Rearrangements―a Quaint Bucolic

When you set out on a long journey, there may come a time when you have to step back, take a rest and reconsider your initial plan. The routes might not work out the way you had them laid out. Or you might not be able to walk them in as short a time as you had estimated. Nevertheless, you are much closer to your destination now than to the point where your journey started. The thought of turning back, or of abandoning your travels and taking a carriage home, does not once occur to you. There is no doubt that you will make those final steps and walk through the gate of the place that you have set out to reach. Just not so soon.

It has been something short of two years since I took up mathematics again. Since then, the mill has been grinding incessantly, save for a week of vacation here and there. I have not died of sleep deprivation, and it has been an experience that has brought me deep inner joy. Joy of the same kind that will keep me stepping onwards. But now the time has come to make a short halt for revitalization, and then to walk the remainder of the path at a more unhurried pace.

What do we have all wrapped up? There's the classic ‘starter pack’ of analysis and linear algebra, without which there is nowhere to be gone. Add in a morsel of probability theory and ordinary differential equations. I have passed the two oral exams required for the bachelor's―of which one has allowed me a glimpse into the beauty of functions in the complex plane, and the other into the elliptic curves and finite fields of cryptography. I have had an encounter with graph theory, and encounters with a number of people from the teaching staff at the University of Hagen.

Life happens, and as it does, some things simply take priority over others. With my move to the Pacific now imminent, some shifting and arranging of the target curriculum was in order. And this is where the term distance in distance education really comes into play. The University of Hagen allows for its students to take written exams in any location on the planet where an office of the Goethe‑Institut is present. As for me, this means that I will be going to Sydney to write those exams. For the bachelor's, the only time left that I need to be present in Germany will be the presentation of my thesis.
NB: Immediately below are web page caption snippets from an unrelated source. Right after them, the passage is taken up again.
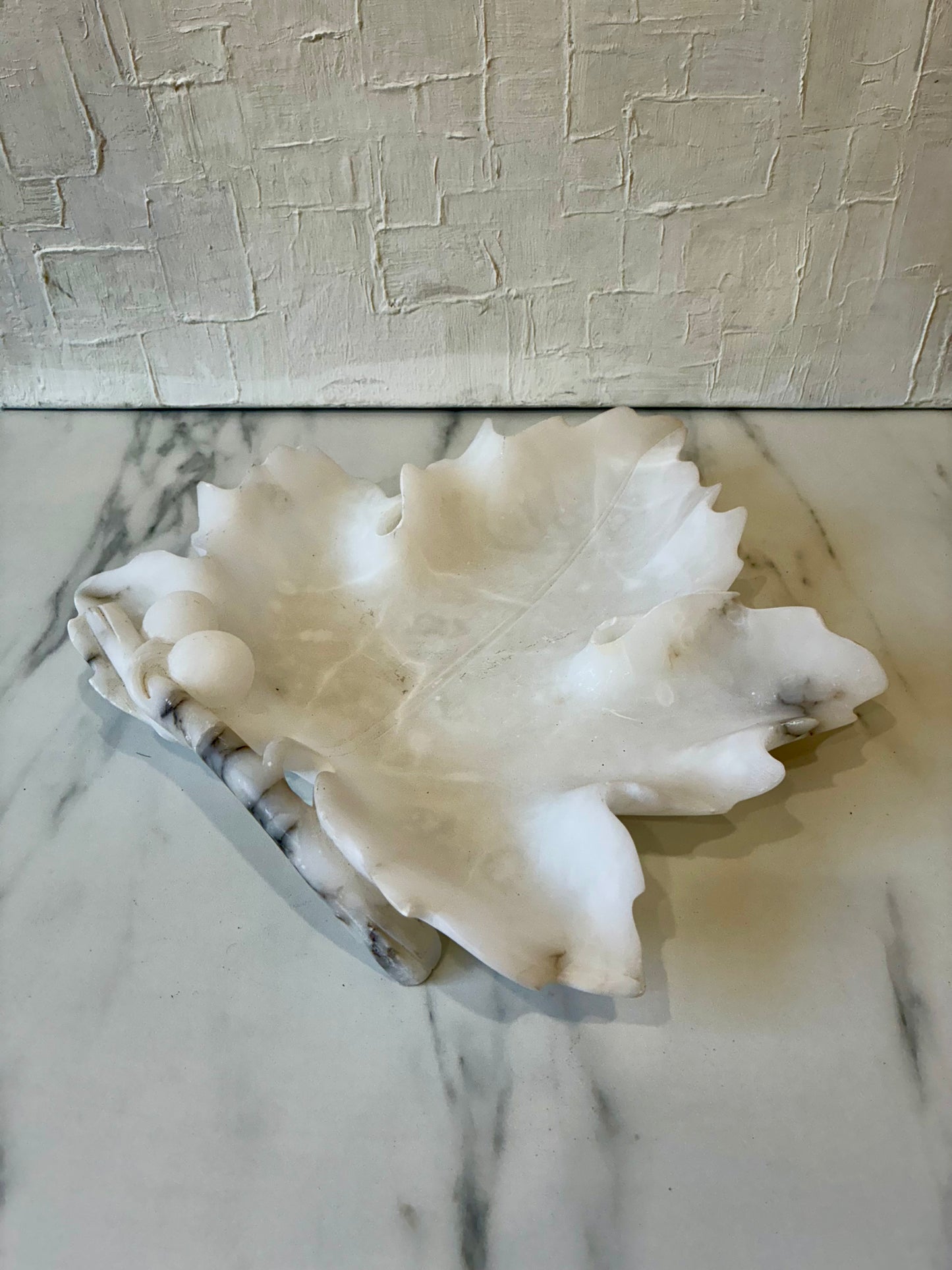 1950’s Marble Slab Carved into Maple Leaf Catch-all Bowl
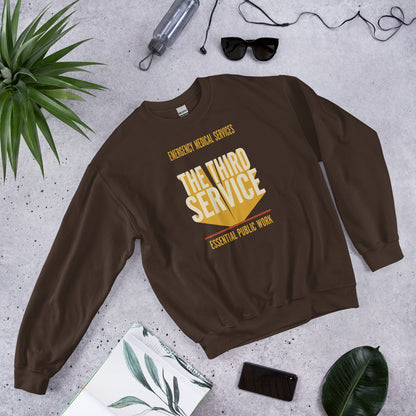 The Third Service EMS crewneck sweatshirt — Dark Chocolate, flat lay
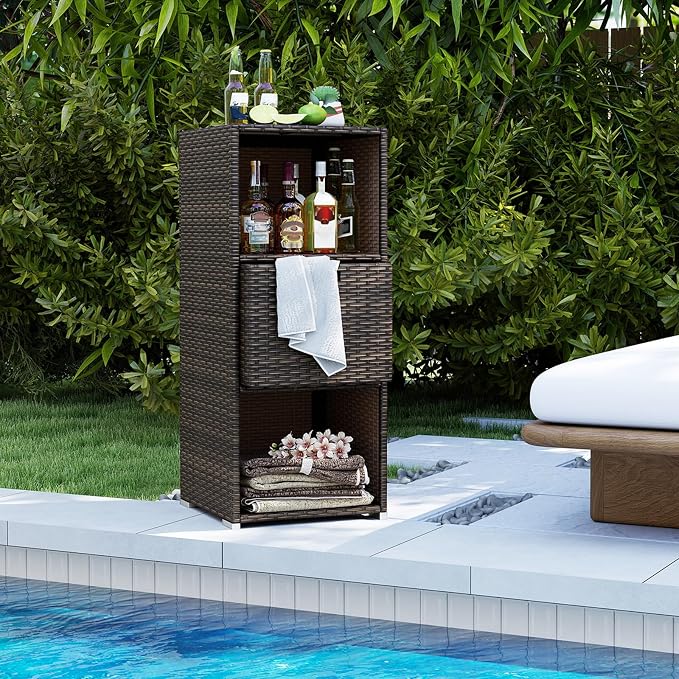 Tangkula Rattan Outdoor Storage Cabinet, Patiojoy Outdoor Wicker Cabinet with 3 Shelves, 1 Removable Drawer, Patio Storage Deck Box for Backyard Poolside Porch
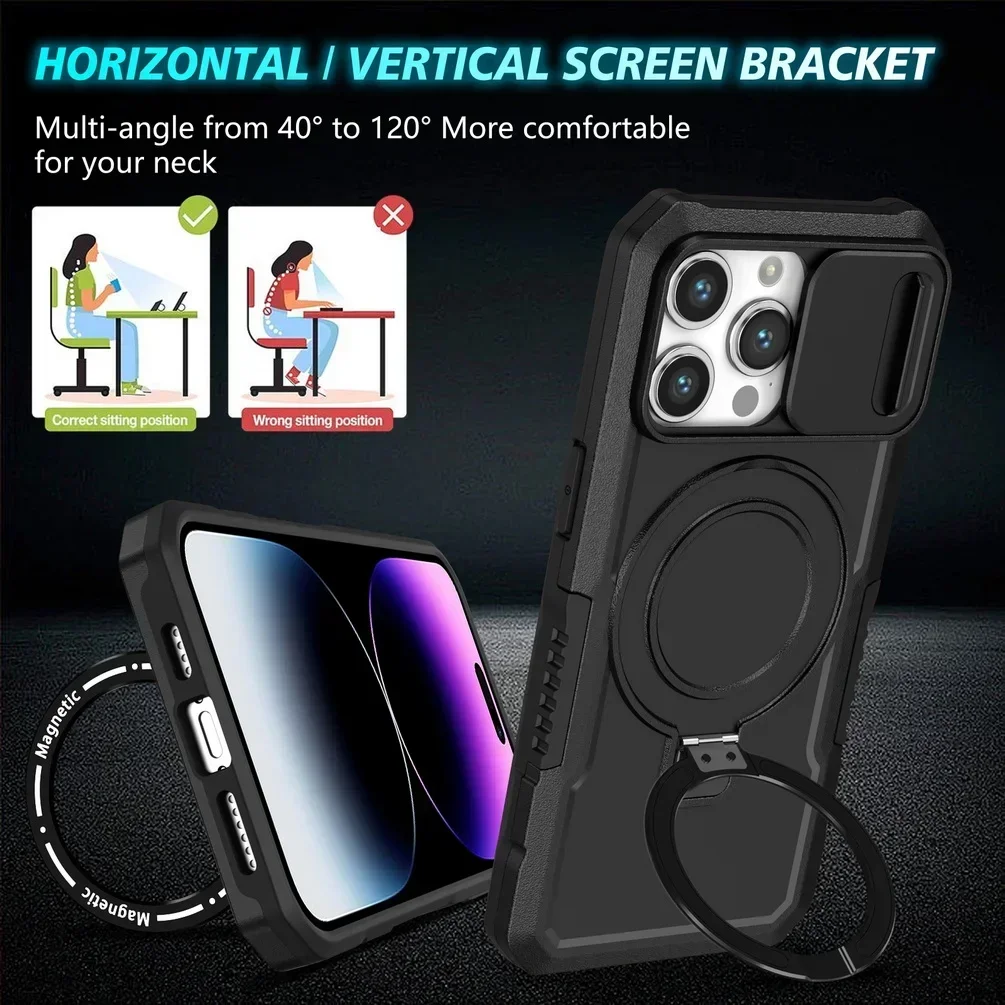 Luxury Metal Phone Case with 360° Built-in Bracket and Sliding Camera Protection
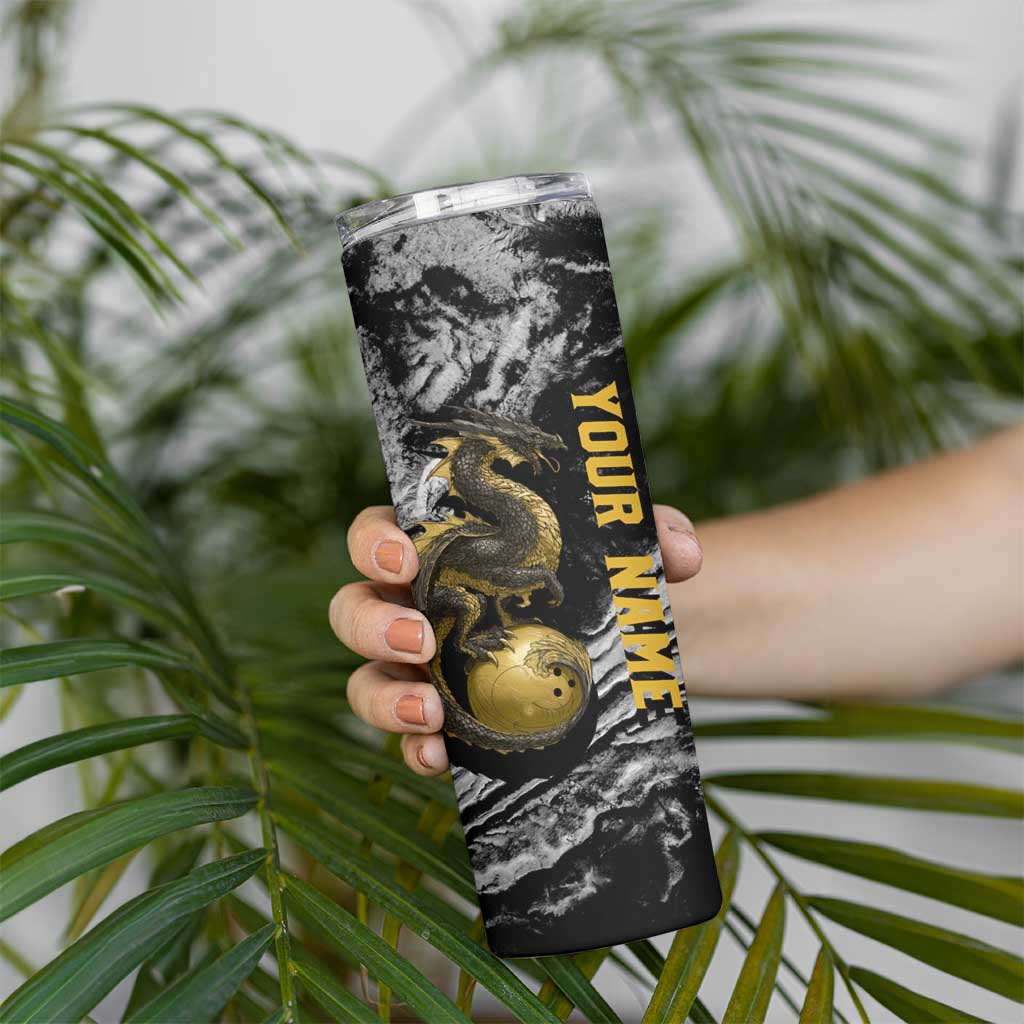 Golden Dragon and Bowling Ball Design Skinny Tumbler with Marble Stone Texture and Custom Team Name Text - Wonder Print Shop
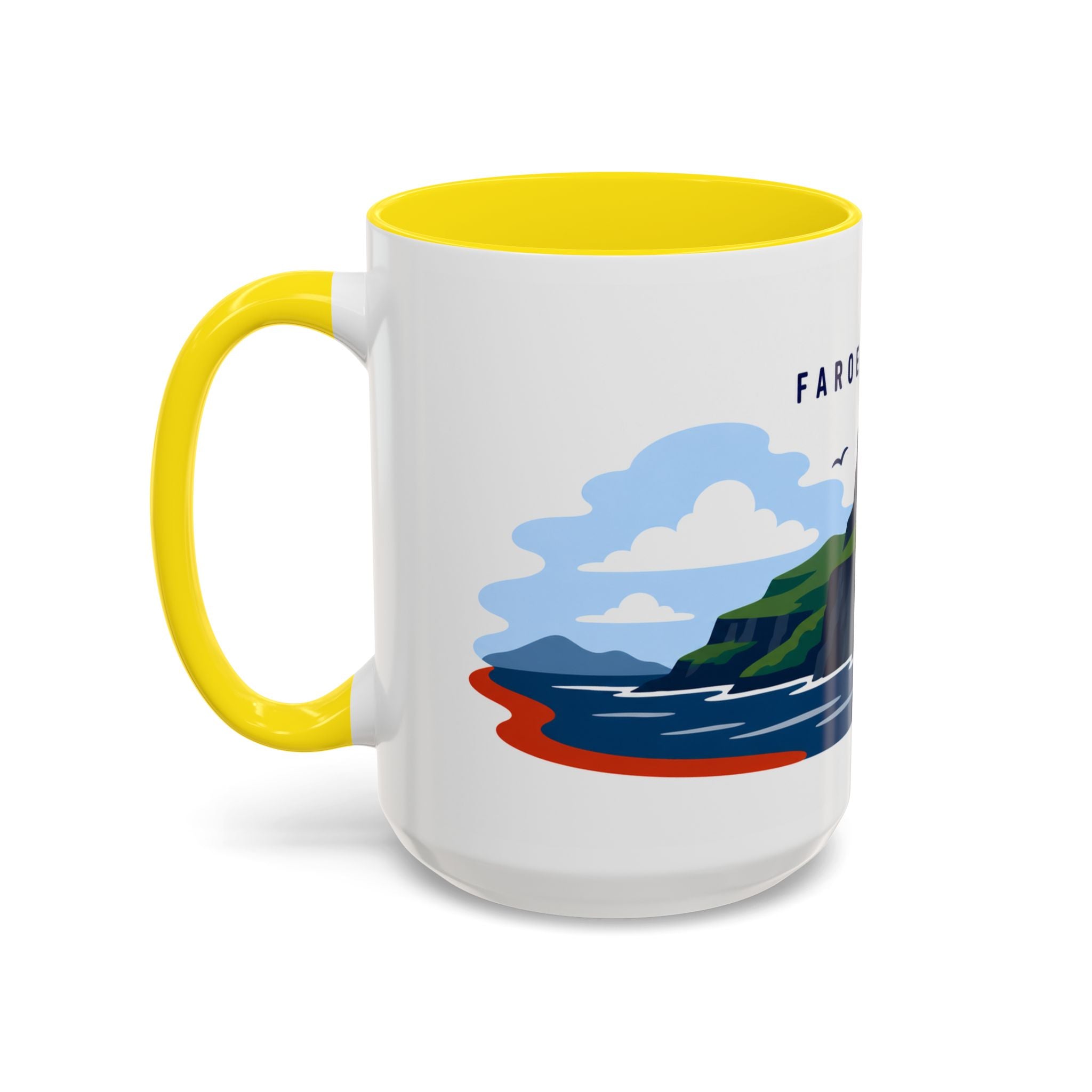 Faroe Islands Coffee Mug | Travel Destination Souvenir Gift | Accent Color Ceramic 11oz 15oz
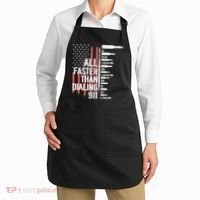 All Faster Than Dialing 911 American Flag Funny Gun Owner Apron thumb 2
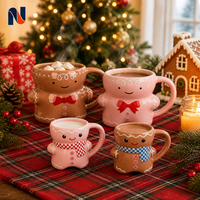 Tasse en céramique en forme de pain d'épices 3D, pour café, Noël, fêtes, usage domestique et professionnel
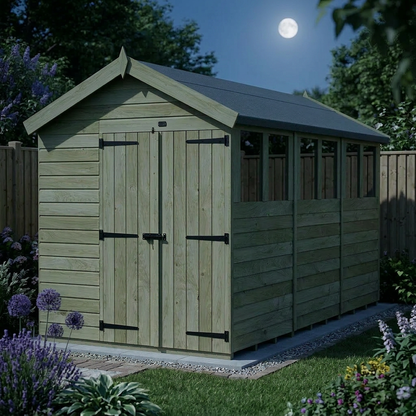 7 x 12 Apex Shed (Double Door, With Windows) - view 5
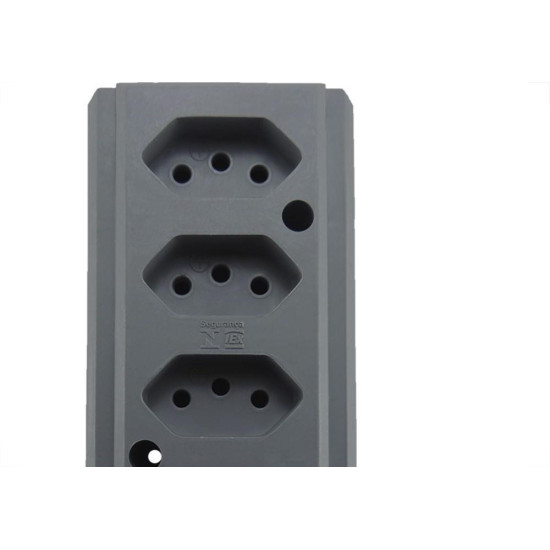 Tomada Barra Interneed   Quadrupla 10/20A 2 Polos +Terra Cinza 66590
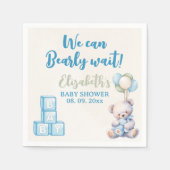 Blue Teddy Bear - Baby Shower Boy Serviette (Vorderseite)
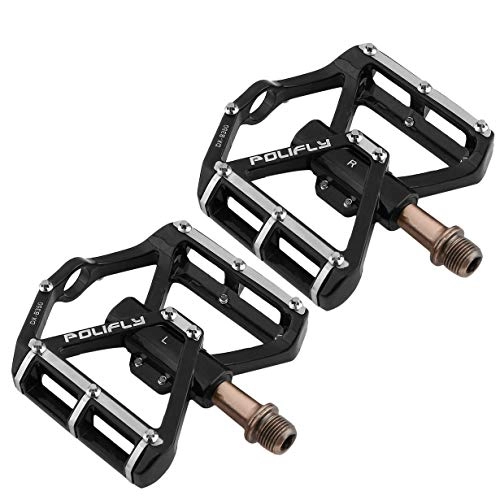Pédales VTT : Uniqueheart Pair Professional MTB Mountain Road Aluminum Alloy+Steel Bike Bicycle Sealed Bearing Cycling Pedals Black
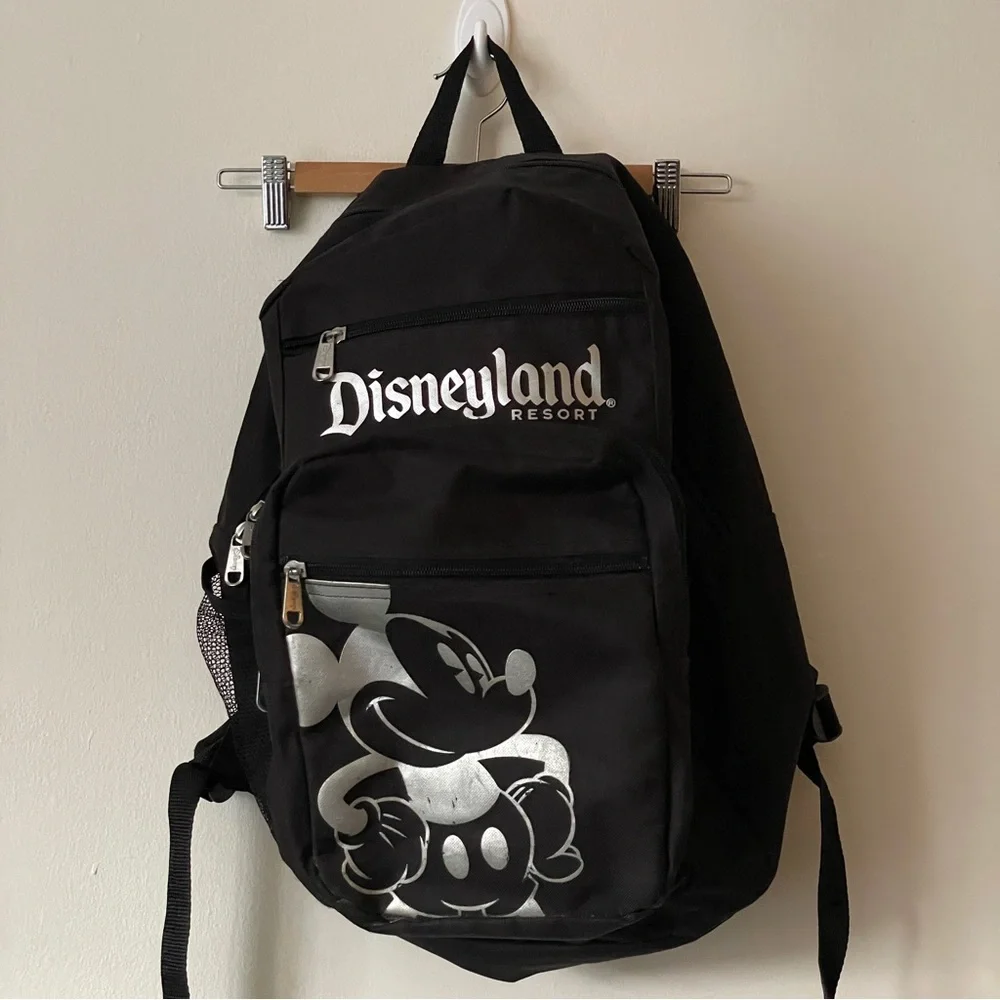 Disney Parks Disneyland Resort Black Collection Full Size Backpack Silver Micky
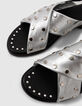 Sandalias planas cuero silver tachuelas mujer-4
Perhaps this would be the time to address the question that I have been asked multiple times by myself and others―to what end? Or rather, is there anything I have in mind that I would like to do with my degree, once the progress bar reaches the 180 ECTS mark? Or should studying mathematics remain an end in itself, true to the adage of the journey being the reward? Truth to be told, I do not know if I will ever apply any of the things I am learning in any 'professional' or whatsoever way. I do not know if my degree will ever mean anything on a job application. And I am as of yet not fully decided whether or not to pursue a MSc in mathematics after this project reaches completion.

What I know, though, is that I want to keep studying. I am fairly confident that what I started in 2017 will turn out to be a rich, elaborate birthday present to my soon‑to‑be 40‑year‑old brain. It comes at a cost of roughly 1800 EUR. If you add in all the expenses―travel, lodging etc.― perhaps 3000 EUR. Surely below five‑thousand, and at that, significantly less costly than what someone would pay for tuition at a university outside the Germanía, which through the centuries has provided its children a fine education at some of the continent's most venerable universities for the cost of chitterlings.

If I don't pursue a master's with the University of Hagen, I might go on to study something else, and at a different school. Without a doubt, a solid education in mathematics is a good foundation to build upon. There are times when I think I might gravitate towards science. And even if I do not continue my university studies at all, it will have been a worthwhile project to have completed. For molding one's brain into one that has a better understanding of mathematics means acquiring styles of thinking that can be universally useful. An experience that changes the mind and is conducive to personal growth.

But the meat is not only in the subject itself, it is in the entire cultivation of it―getting up early in the morning to study, doing it every business day for a prolonged time, studying in silence and maintaining a focus―these are things that, with time, build a stronghold. Regardless of the subject matter, such a practice helps keeping the mind clear and giving the life direction. And inasmuch as it does, it bears a likeness to physical exercise or meditation.

Another aspect that plays into this is that of solitude. I have had a short flirtation with studying mathematics at an intramural university in 2008/9―hence I know what it feels like to sit in a lecture hall and have mathematics presented to you in the traditional way of oral relay and chalkboard writing, or in the math students' lounge where people are discussing their assignments, among other things. Obviously, all this is part of a culture that one does not have much opportunity to experience when studying distance‑only. But, pertaining to my own learning style at least, the bulk of the actual learning of mathematics would have taken place at home and in solitude anyway.

With all of this said, I am looking forward to the remainder of my bachelor's. Writing the thesis especially will be a stimulating challenge. As of yet, I do not have the slightest idea what the topic will be. Perhaps something that will expand on next semester's 01106 Praktikum zur Algebra. Whatever it will be, it shall be written under the Australian sun―a pathway into tropical geometry, perhaps. Or into realizing the necessity of air conditioning.